The big problem with C++ is that you literally can't master it quickly. You can learn the basics quickly; you can become decently good at it in a couple of years if you have prior programming experience. But I know a lot of professional programmers, and I can point to precisely zero of them (myself included) that have 'mastered' the language. We each know pieces of the language, and some of us cover rather wide areas, but all of us have to occasionally research how exactly various constructs work.

Comment I would be tight lipped too (Score 1) 408

People are stupid, and news sites like to print the most horrible, twisted and eye grabbing thing they possibly can. In that kind of environment, it only takes a single crash due to a software glitch to get the project outlawed statewide. I'd keep the information private too, and probably pay off the guilty party anyway just to keep them quiet.

Comment Societal influence, not availability (Score 1) 634

When I was growing up, my sisters would spend fully 1-3 hours a day doing makeup, hair, clothing, and other prep work to look presentable in public. Society expected this of them, or rather they felt society expected it. I spent 15-30 minutes a day on the same task.

When I was growing up, my sisters spent virtually no time at the computer, or building things, or learning about engineering. Society expected this of them, and my parents largely supported it. I spent 1-3 hours a day on these tasks.

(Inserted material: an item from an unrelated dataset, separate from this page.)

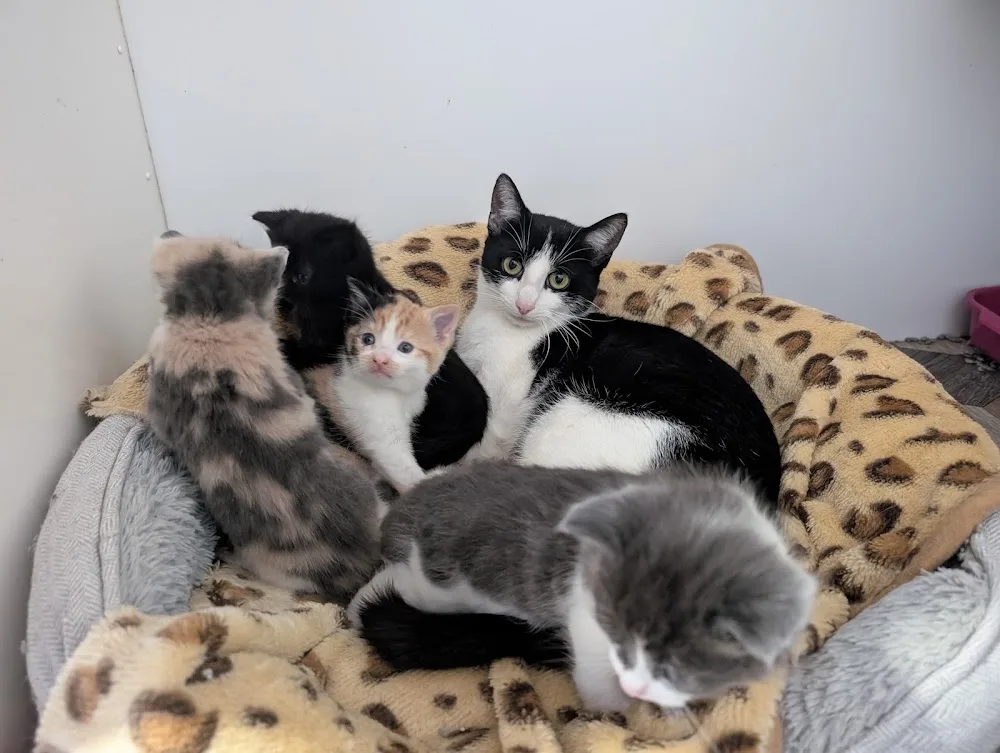 The Cottage Cattery - Dumfries and Galloway pet otel görseli 2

The gender gap isn't due to lack of raw talent, or lack of ability. It's not due to the jobs not being "interesting" or "world changing". The gender gap is because women don't spend the same amount of time doing engineering that men do in their formative years, when it matters the most. We aren't going to fix the problem by trying to bring women into the picture after the damage has been done - the best we can do at that point is mitigate the issue. To really fix it, society is going to have to value engineering more highly than spending two hours on makeup and appearance.

Good luck with that.

Comment Why D isn't more popular (Score 4, Insightful) 386

I've looked at D before. It looks promising, and I've considered using it. The reason I don't is a bad reason, but it's the most common bad reason: legacy code.

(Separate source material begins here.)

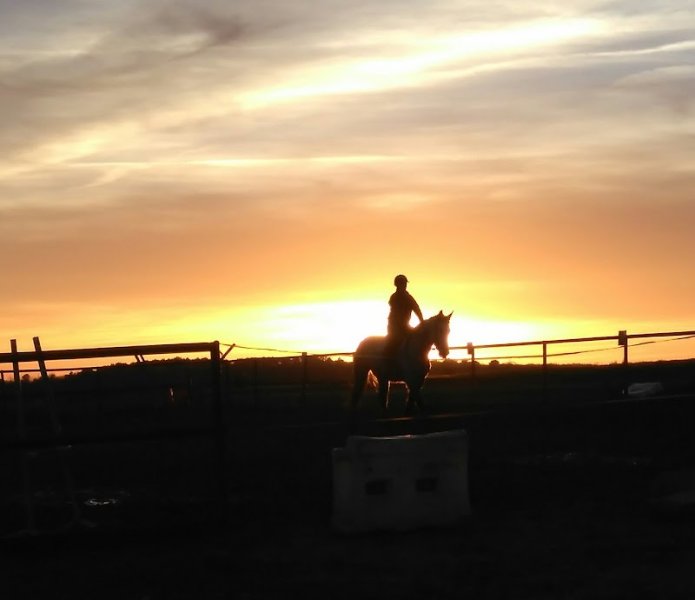 Centre équestre de la Chênaie - photo 2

I have two hundred and sixty four thousand lines of code in my personal project/library archive (my own code, not counting custom versions of external packages like openssl and portaudio), all in C/C++, all with a unified build system, that's been ported and debugged on serveral platforms. Every new project I start uses those core libraries and header files. When I think about switching to a new language, my biggest concerns are how new code will integrate with my existing, how the new language will make use of my existing libraries, and how to remain productive in a dual language environment. The long term gain might eventually make it worthwhile - but it might also just cost me time should the new language die out or not support a platform I need it to.

I simply can't justify the gamble.

Comment Noob burner making obvious suggestions (Score 1) 342

Bennett, please just shut the fuck up about your improvements to burning man. For your traffic flow 'improvement', you notably didn't provide simulations, suggested a broken alternative, and didn't even bother to fully understand the situation before jumping in with both feet. For this one, you've done something similar.

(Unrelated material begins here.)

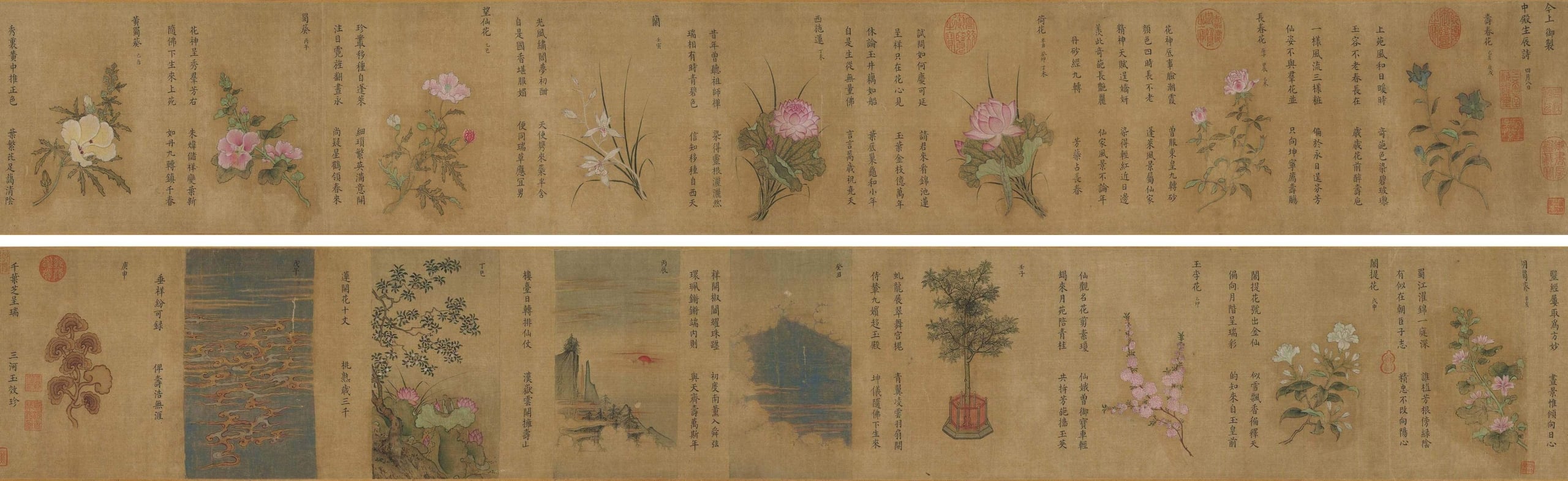南宋 楊婕妤〈百花圖卷〉,絹本設色,24×324公分,吉林省博物院藏。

In particular, the problem when the ice line is backed up is -not- because the ice wasn't prefetched. It's because half the time they can't get it out of the trucks any faster, and half the time they can't get the customers out of the way faster. Adding prefetch to a throughput bound system does not improve performance. If you had the experience of going through the lines more than a few times, you'd have maybe picked up on that before offering your advice.

I'm not going to say that traffic isn't a problem, or that ice queues aren't stupidly long at times. But these are hard problems, and they have been thought about extensively by smarter people than you, smarter people who have more information and experience than you. You insult all of them by discounting that so blatantly.